Shoulda been a hit: “Is It Any Wonder” by The Cowsills (1990)

“‘Global’ is a fine album in the best tradition of power-pop. It does not fall under the epithet and label of ‘bubblegum,’ and does not deserve that rather insulting label and pigeonhole. All songs on the album were written by Bob Cowsill and his wife Mary. The band was originally going to do just an oldies circuit tour in 1990 until they heard what Bob and Mary were writing. They got excited and went right into the studio. On ‘Global’ you’ll hear jangling guitars, pretty edgy rock on several tracks, and very in keeping with the late 80s/early 90s. As you would expect on a Cowsills record, the tight-knit family harmonies are there, intact, and ringing. Guitarist Bob, keyboardist Paul, and drummer John’s vocals are stellar. The surprise to many who haven’t listened in the last thirty years will be Susan Cowsill’s voice. Her vocals today are a cross between Nicolette Larson, Stevie Nicks, and a touch of Emmylou Harris. While she didn’t contribute writing to this record, she has written brilliantly on her solo records. When she was little with the group she was banished to a tambourine, but today she plays guitar both with the Cowsills and in her solo records. She really contributes to the great sound.” –  Solameanie, The Seventh Sola

Image from Wikipedia

Yeah, yeah, those Cowsills. Their mom was part of the band, and they became the template for “The Partridge Family.” Sang the theme song for “Love American Style,” and used to do TV commercials for milk.

Image from

The Cowsills were the first concert I ever went to. I was twelve in the fall of 1968; I recall it was the same day that The Beatles’ single “Hey Jude/Revolution” was released. My dad and mom took me, my cousin, my grandma, and my great-aunt to the old Met Center in Bloomington, Minnesota to see Eddy Arnold in concert. Yes, that Eddy Arnold. The warm-up act? The reason my cousin and I were along? The Cowsills. Yeah, yeah, those Cowsills.

Image from

I remember Eddy starting his set by grinning and saying to the audience, “Loud, aren’t they?” Dozens of people around me turned up their hearing aids once again.
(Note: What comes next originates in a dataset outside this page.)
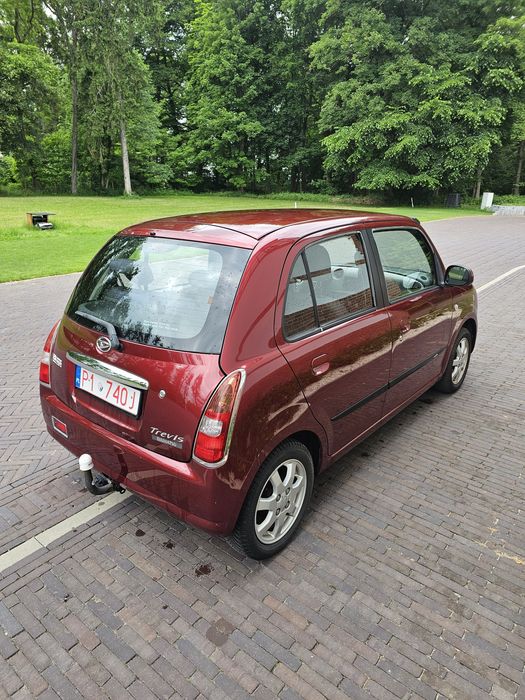 Daihatsu Trevis z Niemiec KLIMA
(I was so naïve. I offered to go and buy my Dad a beer from the concession stand. Wisely, he declined.)

Anyway, that was about a year before The Cowsills hit it big with the theme song from the musical “Hair.” I didn’t realize how uncool they were till I told the other junior-high kids about it the next day.

Image from

Jump ahead twenty-two years, and four of the now much cooler and well respected in music circles Cowsills – Bob, Paul, John, and Susan – reunited to record one of the best power-pop albums I’ve ever heard: “Global.” It’s well worth checking out. “Is It Any Wonder” is the showcase song on the album full of showcase songs. Why wasn’t it a hit, or anything else from that album? Because they’re The Cowsills. Yeah, yeah, those Cowsills.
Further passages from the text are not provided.